*** Begin section ***
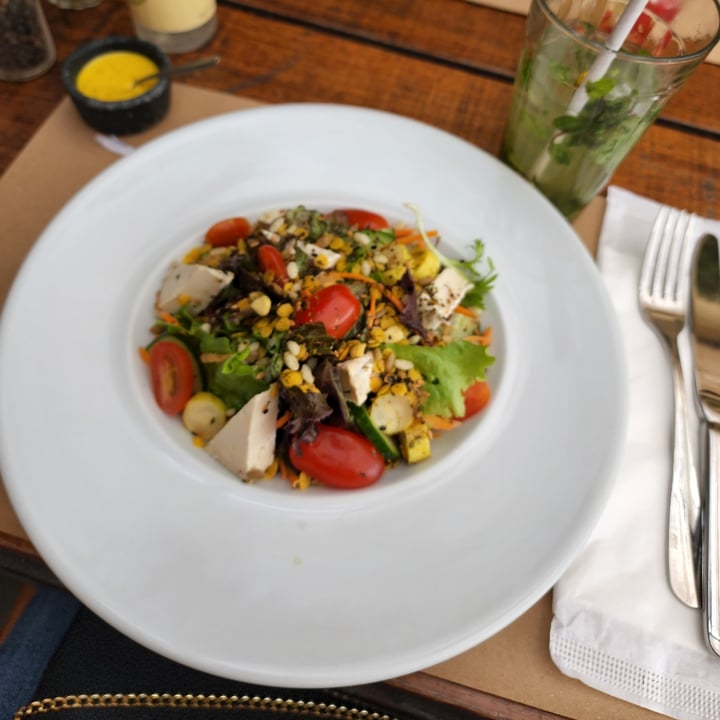 photo of Banana Verde Restaurant salada vegana shared by @thaismaluf on  22 Sep 2022 - review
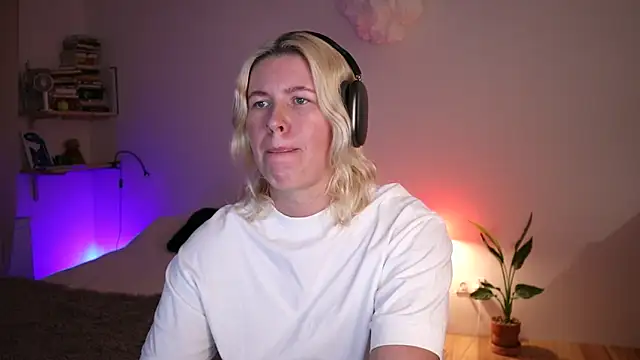 Snapshot of moonamii chatting on 01-29-25, 08:35 moonamii online show from 01-29-25, 08:35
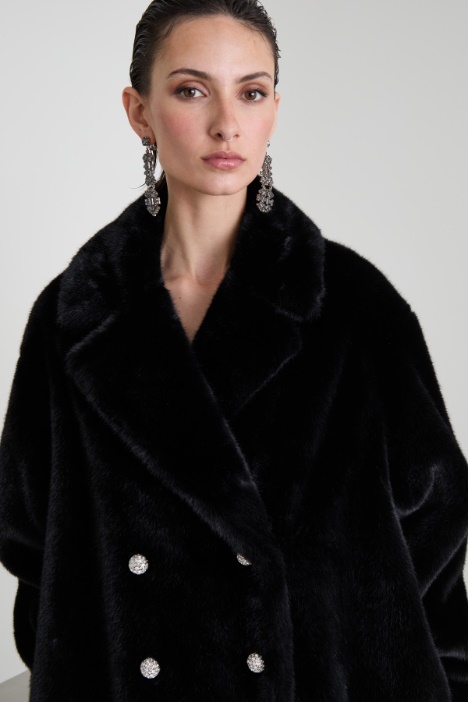 Abrigo de pelo sintético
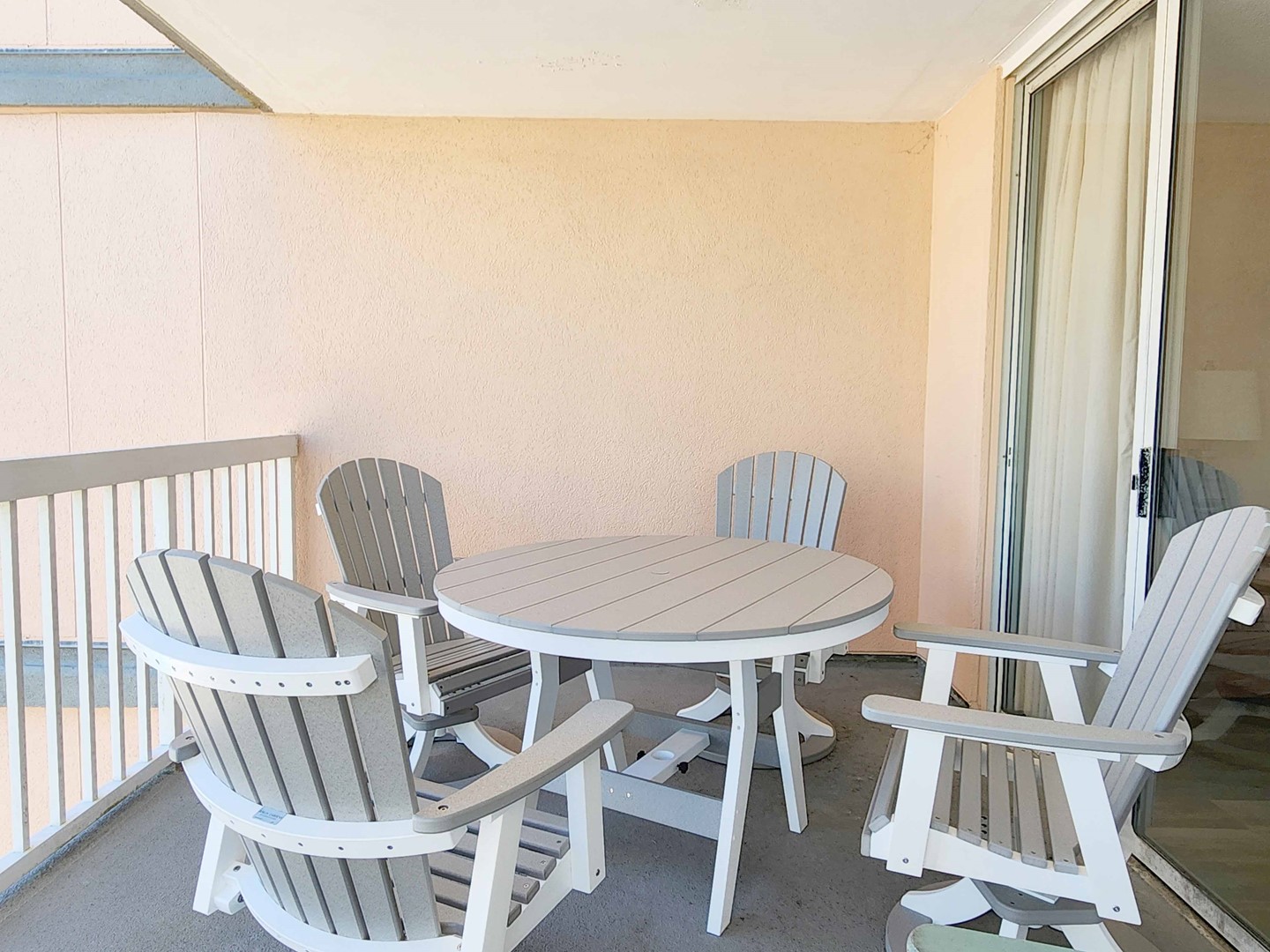 Furnished Oceanfront Balcony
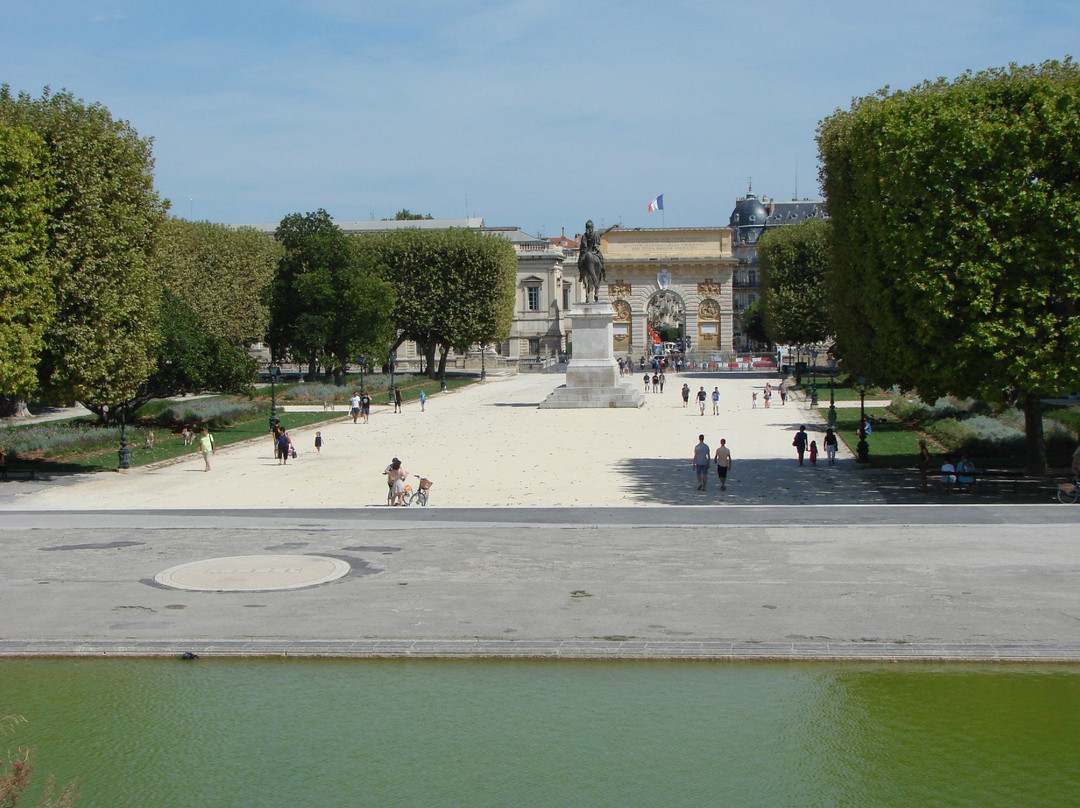 Marche aux Puces du Peyrou景点图片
*** End section ***
_Exercise description_
Copy every entry above exactly as it stands, but leave the pictures out.

_Exercise answer_
 photo of Banana Verde Restaurant salada vegana shared by @thaismaluf on  22 Sep 2022 - review
 Snapshot of moonamii chatting on 01-29-25, 08:35 moonamii online show from 01-29-25, 08:35
 Abrigo de pelo sintético
 Furnished Oceanfront Balcony
 Marche aux Puces du Peyrou景点图片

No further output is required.